Since entering the field two decades ago, Pierre
Blanc has been tweaking the formula and refining the process by which the material is bonded to the glass, with an eye to
better performance and optical clarity. "The system we use now is called covalent bonding," said Mr. Blanc, a statement
he followed with a scientific explanation centering on positive and negative charges. Whatever, if it's good enough
for Goldie Hawn and Kurt Russel and Paul Newman and Joanne Woodward, it's good enough for the rest of us, right?
"Most of our work comes
from recommendations," said Mr. Blanc, adding that about 70% percent of clients work from email and digital photographs, so
he never meets them personally, while 30% percent prefer face to face meetings. The company welcomes jobs large and small, so prices for the procedure run from a few hundred dollars for someone who
just wants the dining room done up to eighty or ninety thousand dollars for the largest homes that are so popular now.
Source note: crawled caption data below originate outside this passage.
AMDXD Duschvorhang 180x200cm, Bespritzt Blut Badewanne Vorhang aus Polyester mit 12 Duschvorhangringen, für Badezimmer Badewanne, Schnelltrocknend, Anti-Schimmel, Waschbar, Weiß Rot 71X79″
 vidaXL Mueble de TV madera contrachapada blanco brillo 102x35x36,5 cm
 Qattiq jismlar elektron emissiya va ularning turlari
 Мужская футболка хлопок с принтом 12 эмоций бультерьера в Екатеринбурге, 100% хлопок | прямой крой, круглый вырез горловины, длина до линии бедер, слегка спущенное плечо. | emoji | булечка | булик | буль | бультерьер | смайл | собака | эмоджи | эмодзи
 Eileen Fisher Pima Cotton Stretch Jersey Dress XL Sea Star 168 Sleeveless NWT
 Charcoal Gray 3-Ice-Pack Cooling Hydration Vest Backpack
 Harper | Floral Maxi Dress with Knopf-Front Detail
When he was a very young man in a very new business
years ago Pierre Blanc decided to offer a universal service to all comers, and not just do big jobs for big spenders.
He likes to tell the story of the woman who came to see him long ago looking to have ultraviolet film applied to her eyeglasses.
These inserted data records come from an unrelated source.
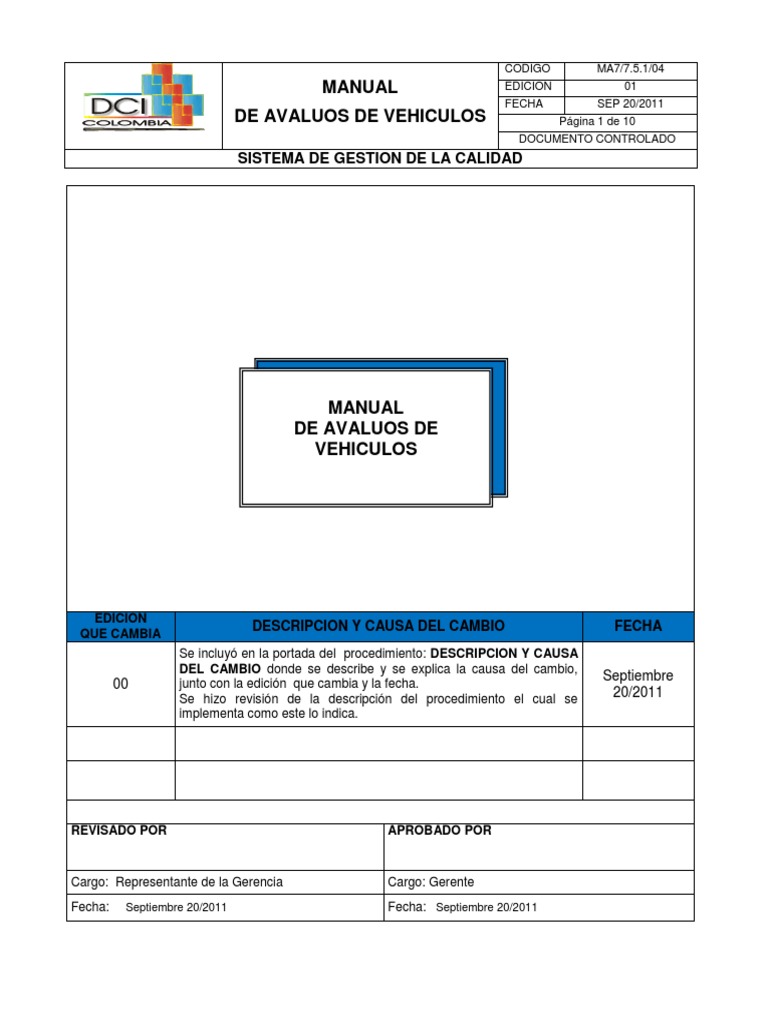 Manual de Valoracion de Vehiculos Usados
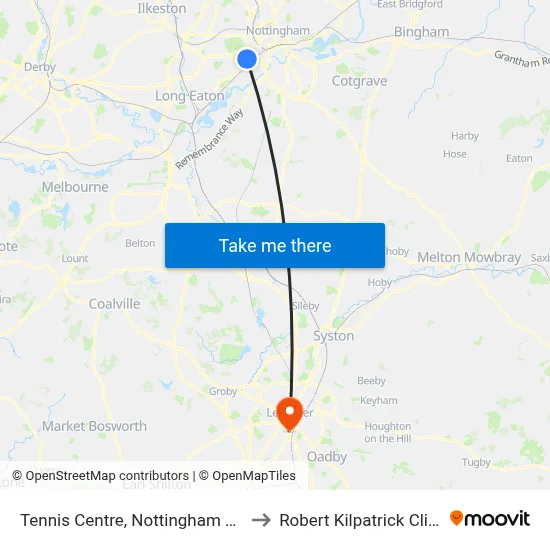 Tennis Centre, Nottingham University Main Campus (Un03) to Robert Kilpatrick Clinical Sciences Building map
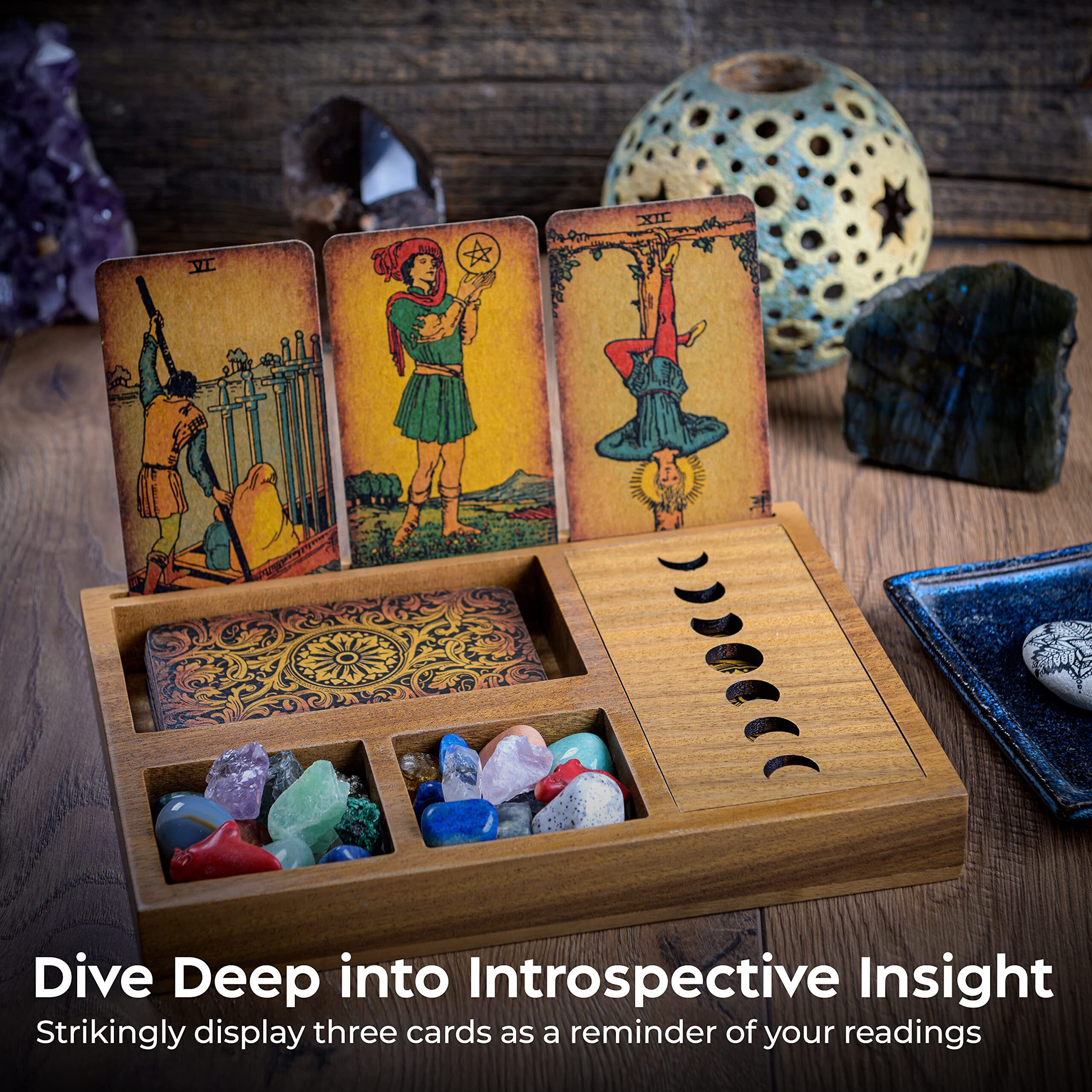 Curawood Tarot Card Holder Box For More Immersive Readings - 3 Tarot Card Stand & Crystal Holder - Moon Phase Design Tarot Display Deck Holder & Crystal Tray - Witchcraft Decor - Wiccan Altar Supplies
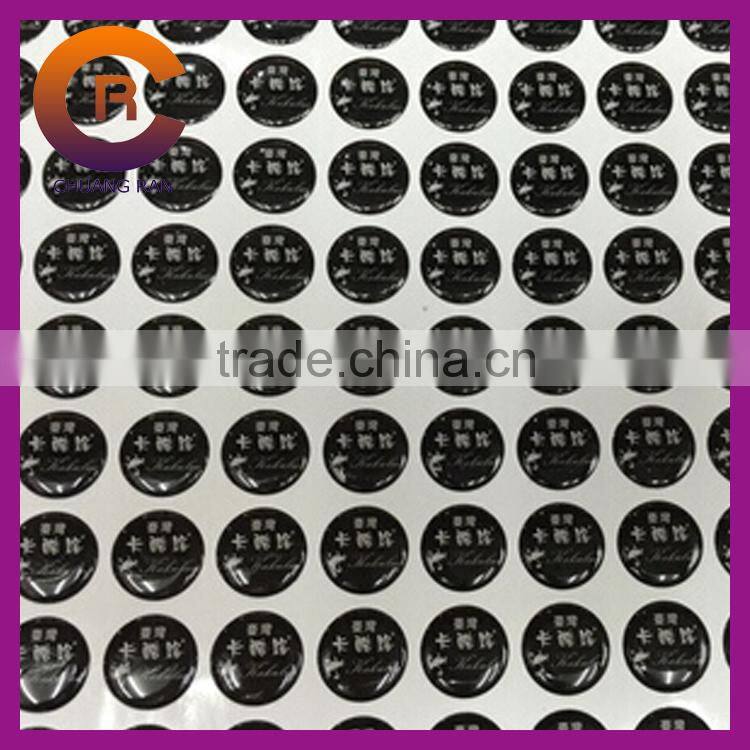 Cheap black color hard dome permanent small vinyl stickers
The woman had been to several places where she had been more or less told she was nuts. Mr. Blanc obliged her at no
cost and some time later the woman bought a large house in Greenwich and- you guessed it- Sunshield got the nod for
a major residential installation.
Aside from residential work Sunshield also works
for historic houses and museums of all sorts. The Bartow-Pell Mansion at Pelham Bay Park in the Bronx has long been
a favorite destination for history buffs and old house devotees. A Federal-style building with Greek Revival interiors
the Bartow-Pell manion was built in 1842, with formal gardens designed by Delano & Aldrich. The site has a history
reaching back to the 17th century; the nine acres the house stands on now were once part of a 9,000 acre tract that Thomas
Pell bought from the Siwany Indians in 1654. In 1666 Charles II granted him a charter, creating the Manor of Pelham.
In 1675 Pell's heir and nephew built a house on the property that sheltered four generations of Pells, until it was destroyed
during the American revolution.
Today's Mansion house is decorated in several
styles that were au courant in the early years of the 19th century, including late Classical and Empire. In addition
to its own collections, the mansion includes period paintings and furniture on loan from private collections, the Metropolitan
Musuem of Art, the Brooklyn Museum and the Museum of the City of New York.
For Director Barbara Hammond, protecting this
pricelss trove in an efficient and unobtrusive way was paramount. Having chosen Sunshield to do the job, she said, "Our
visitors are totally unaware that the windows are filmed. Only we know it is there, protecting our valuable exhibits."